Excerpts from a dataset
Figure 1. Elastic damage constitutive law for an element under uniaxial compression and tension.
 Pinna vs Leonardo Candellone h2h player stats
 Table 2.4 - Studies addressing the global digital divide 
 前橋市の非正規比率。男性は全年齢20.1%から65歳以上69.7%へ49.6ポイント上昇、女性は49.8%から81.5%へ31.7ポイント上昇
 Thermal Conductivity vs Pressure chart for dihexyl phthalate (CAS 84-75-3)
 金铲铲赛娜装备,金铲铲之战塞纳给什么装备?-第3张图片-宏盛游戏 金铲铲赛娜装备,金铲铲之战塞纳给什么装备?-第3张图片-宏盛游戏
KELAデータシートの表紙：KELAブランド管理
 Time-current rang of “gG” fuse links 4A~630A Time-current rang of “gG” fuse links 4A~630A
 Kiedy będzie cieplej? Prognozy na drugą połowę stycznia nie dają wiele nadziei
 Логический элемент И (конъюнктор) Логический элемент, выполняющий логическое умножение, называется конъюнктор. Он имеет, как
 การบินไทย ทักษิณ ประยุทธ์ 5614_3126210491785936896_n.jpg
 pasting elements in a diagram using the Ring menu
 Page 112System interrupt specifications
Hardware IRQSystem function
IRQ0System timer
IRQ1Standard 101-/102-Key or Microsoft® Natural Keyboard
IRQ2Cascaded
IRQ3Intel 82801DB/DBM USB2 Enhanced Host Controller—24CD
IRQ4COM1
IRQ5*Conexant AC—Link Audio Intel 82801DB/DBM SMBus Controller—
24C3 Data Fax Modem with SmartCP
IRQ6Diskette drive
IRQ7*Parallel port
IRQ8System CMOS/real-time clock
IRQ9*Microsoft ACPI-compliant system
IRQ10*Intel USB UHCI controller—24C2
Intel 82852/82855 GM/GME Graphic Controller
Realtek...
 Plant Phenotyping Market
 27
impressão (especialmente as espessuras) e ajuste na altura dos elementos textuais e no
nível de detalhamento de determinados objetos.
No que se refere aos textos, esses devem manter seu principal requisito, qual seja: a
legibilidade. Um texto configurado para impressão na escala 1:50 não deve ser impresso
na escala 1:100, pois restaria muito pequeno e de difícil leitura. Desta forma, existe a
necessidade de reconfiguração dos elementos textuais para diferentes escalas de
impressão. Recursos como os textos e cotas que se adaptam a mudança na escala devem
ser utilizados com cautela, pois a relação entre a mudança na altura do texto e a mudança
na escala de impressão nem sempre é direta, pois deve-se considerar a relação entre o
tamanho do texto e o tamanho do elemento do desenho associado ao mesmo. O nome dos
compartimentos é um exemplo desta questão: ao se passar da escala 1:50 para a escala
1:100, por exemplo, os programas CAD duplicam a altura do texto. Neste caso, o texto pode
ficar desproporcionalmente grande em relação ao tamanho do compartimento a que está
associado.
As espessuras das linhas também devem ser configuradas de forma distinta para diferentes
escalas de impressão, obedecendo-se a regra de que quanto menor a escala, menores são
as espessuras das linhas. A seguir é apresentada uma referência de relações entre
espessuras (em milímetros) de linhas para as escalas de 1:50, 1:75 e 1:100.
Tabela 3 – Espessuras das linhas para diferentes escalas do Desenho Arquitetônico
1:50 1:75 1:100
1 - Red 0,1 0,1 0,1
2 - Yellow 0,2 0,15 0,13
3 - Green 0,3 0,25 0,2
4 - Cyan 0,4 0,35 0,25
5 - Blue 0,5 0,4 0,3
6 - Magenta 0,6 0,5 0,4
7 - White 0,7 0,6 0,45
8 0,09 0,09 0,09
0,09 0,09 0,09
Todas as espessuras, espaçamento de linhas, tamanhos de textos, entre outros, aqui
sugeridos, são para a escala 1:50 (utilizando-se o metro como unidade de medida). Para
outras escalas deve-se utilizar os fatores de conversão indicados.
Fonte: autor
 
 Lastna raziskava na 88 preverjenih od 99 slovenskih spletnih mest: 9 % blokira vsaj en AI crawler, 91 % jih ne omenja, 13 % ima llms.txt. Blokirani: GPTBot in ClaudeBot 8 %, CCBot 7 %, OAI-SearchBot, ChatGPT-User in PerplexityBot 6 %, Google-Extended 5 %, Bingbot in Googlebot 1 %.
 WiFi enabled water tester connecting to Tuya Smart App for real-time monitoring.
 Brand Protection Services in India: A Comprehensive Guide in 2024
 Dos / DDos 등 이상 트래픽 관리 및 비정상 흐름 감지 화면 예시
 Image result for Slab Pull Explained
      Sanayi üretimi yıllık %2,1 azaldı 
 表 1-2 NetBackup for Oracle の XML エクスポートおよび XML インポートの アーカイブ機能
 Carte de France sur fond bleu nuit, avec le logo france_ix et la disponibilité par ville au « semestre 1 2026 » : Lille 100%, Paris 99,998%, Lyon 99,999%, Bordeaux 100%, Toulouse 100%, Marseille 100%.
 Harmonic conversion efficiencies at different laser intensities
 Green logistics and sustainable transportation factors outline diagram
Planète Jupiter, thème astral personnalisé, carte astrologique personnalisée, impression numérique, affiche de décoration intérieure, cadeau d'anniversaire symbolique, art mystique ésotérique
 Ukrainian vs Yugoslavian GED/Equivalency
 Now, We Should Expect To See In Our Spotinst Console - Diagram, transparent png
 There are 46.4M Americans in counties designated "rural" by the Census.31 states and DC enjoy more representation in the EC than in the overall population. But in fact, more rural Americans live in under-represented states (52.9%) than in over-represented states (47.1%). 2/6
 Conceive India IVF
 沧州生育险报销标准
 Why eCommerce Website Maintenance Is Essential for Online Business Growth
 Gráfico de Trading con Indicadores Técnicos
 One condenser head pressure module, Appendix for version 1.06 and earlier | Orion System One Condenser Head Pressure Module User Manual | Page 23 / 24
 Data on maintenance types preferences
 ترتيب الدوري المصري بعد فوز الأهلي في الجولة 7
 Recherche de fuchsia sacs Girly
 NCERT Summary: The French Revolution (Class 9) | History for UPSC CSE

> _What is being asked_: From the data, list each line in which the string "como" appears.

> _Output of the exercise_:
impressão. Recursos como os textos e cotas que se adaptam a mudança na escala devem
sugeridos, são para a escala 1:50 (utilizando-se o metro como unidade de medida). Para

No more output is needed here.